## Recorded information
--- START ---

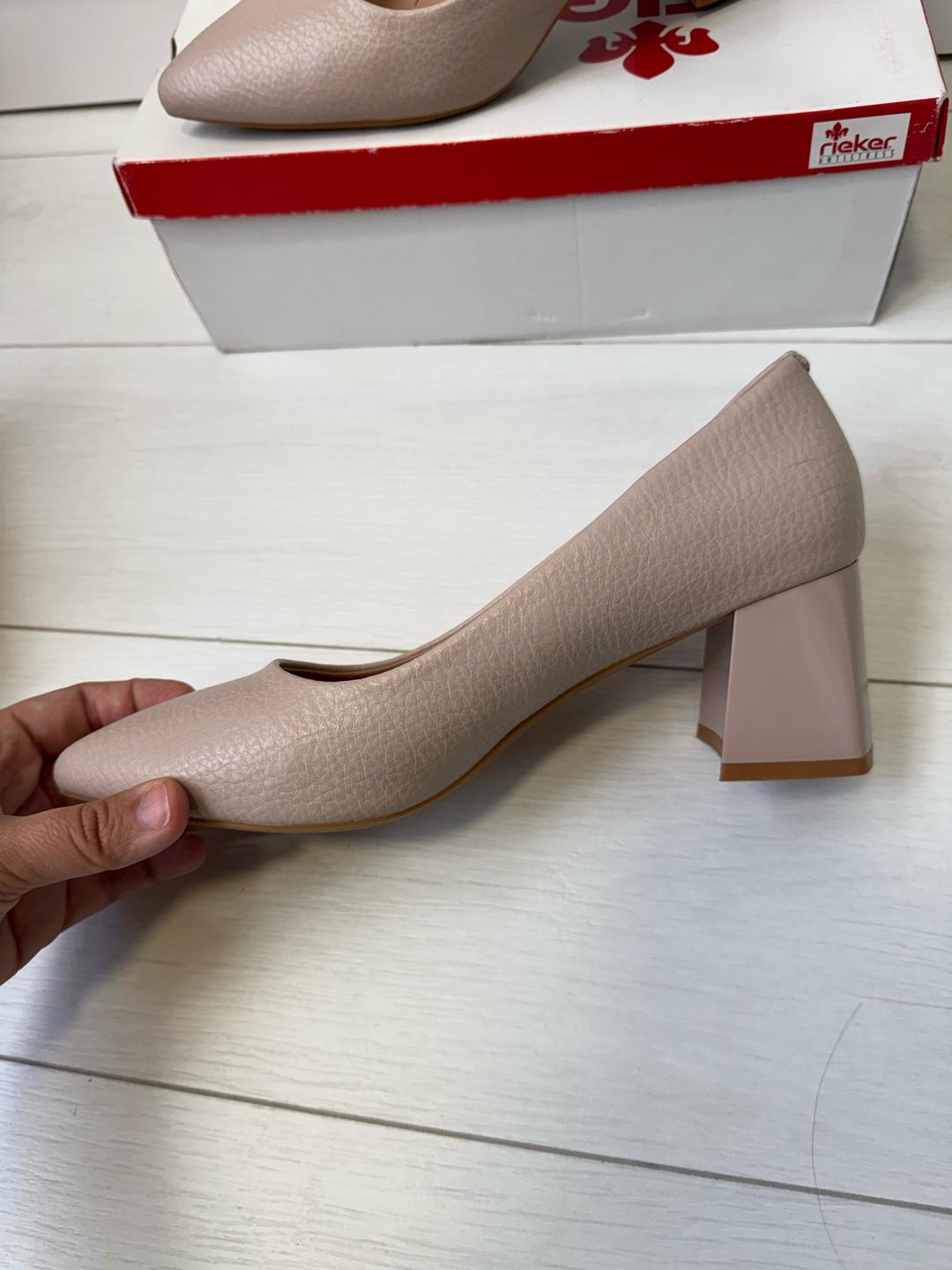 Нет бренда Бежевые туфли лодочки с удобным каблуком — фото 2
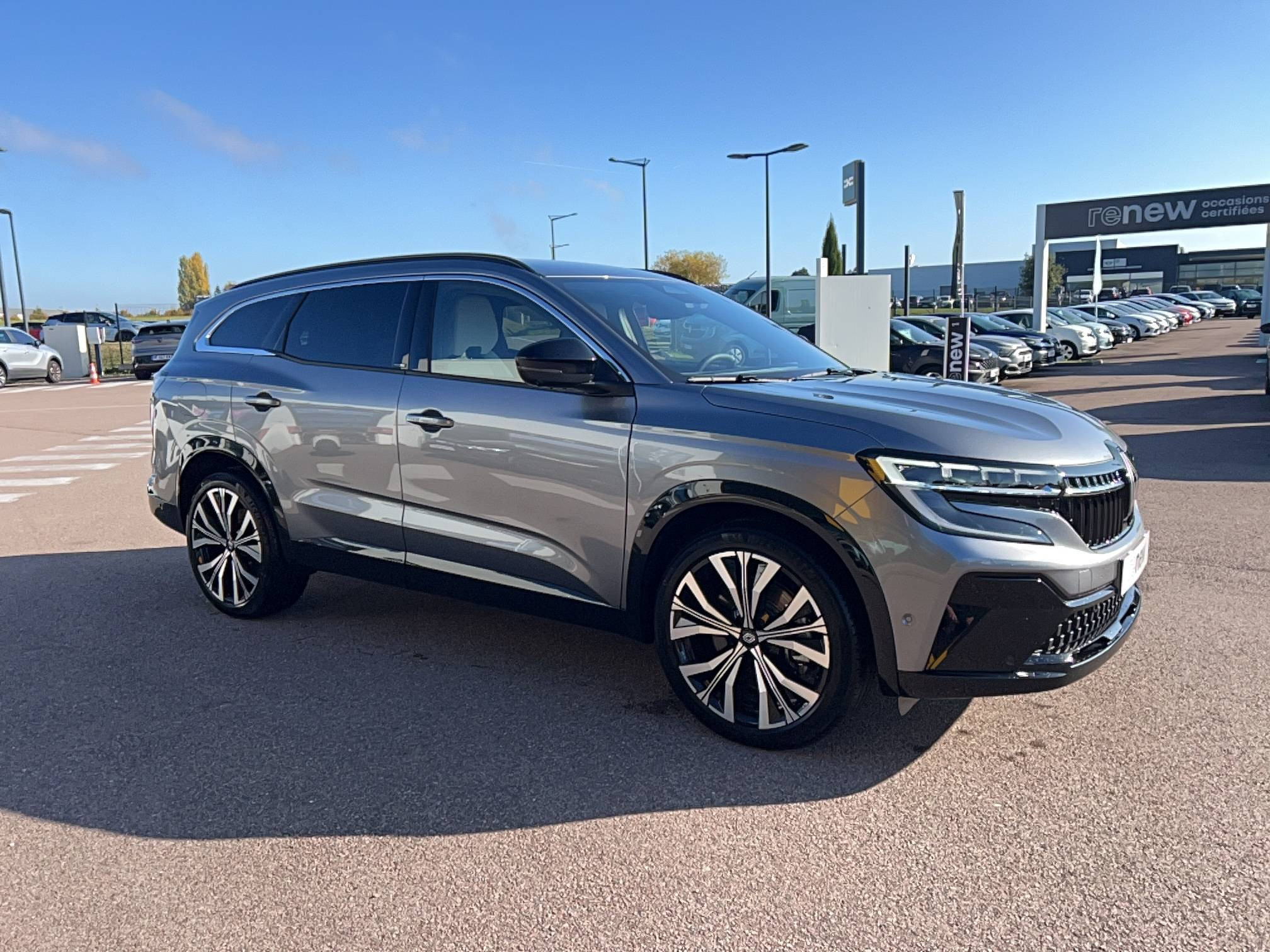 Vente en ligne Renault Espace Espace E-Tech full hybrid 200 GSR2 au prix de 39 491 €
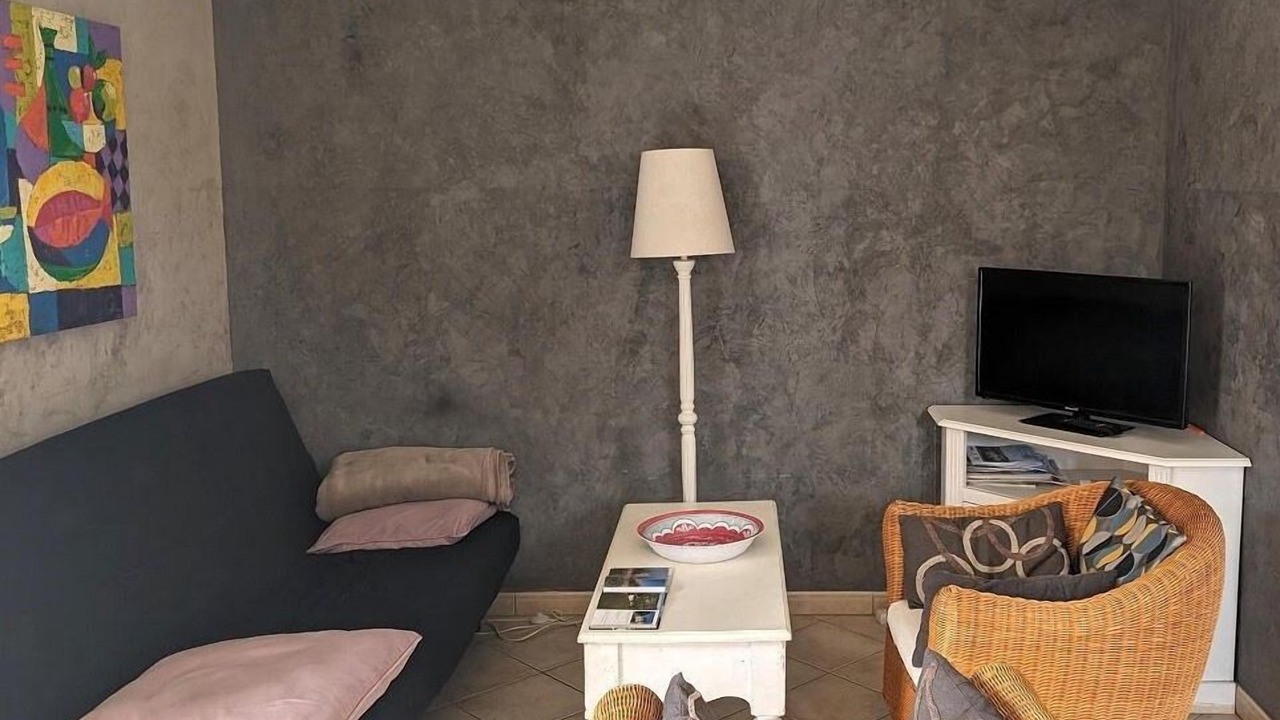 Photo of Livingroom in Le Perreon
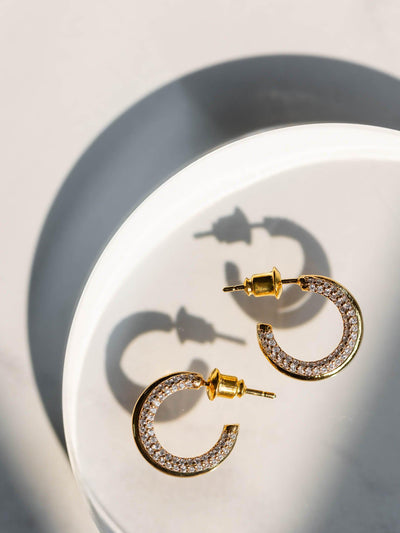 gold earrings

--- END ---

All of the data is to be transcribed exactly, with images omitted.

## Result
 Нет бренда Бежевые туфли лодочки с удобным каблуком — фото 2
 Vente en ligne Renault Espace Espace E-Tech full hybrid 200 GSR2 au prix de 39 491 €
 Photo of Livingroom in Le Perreon
 gold earrings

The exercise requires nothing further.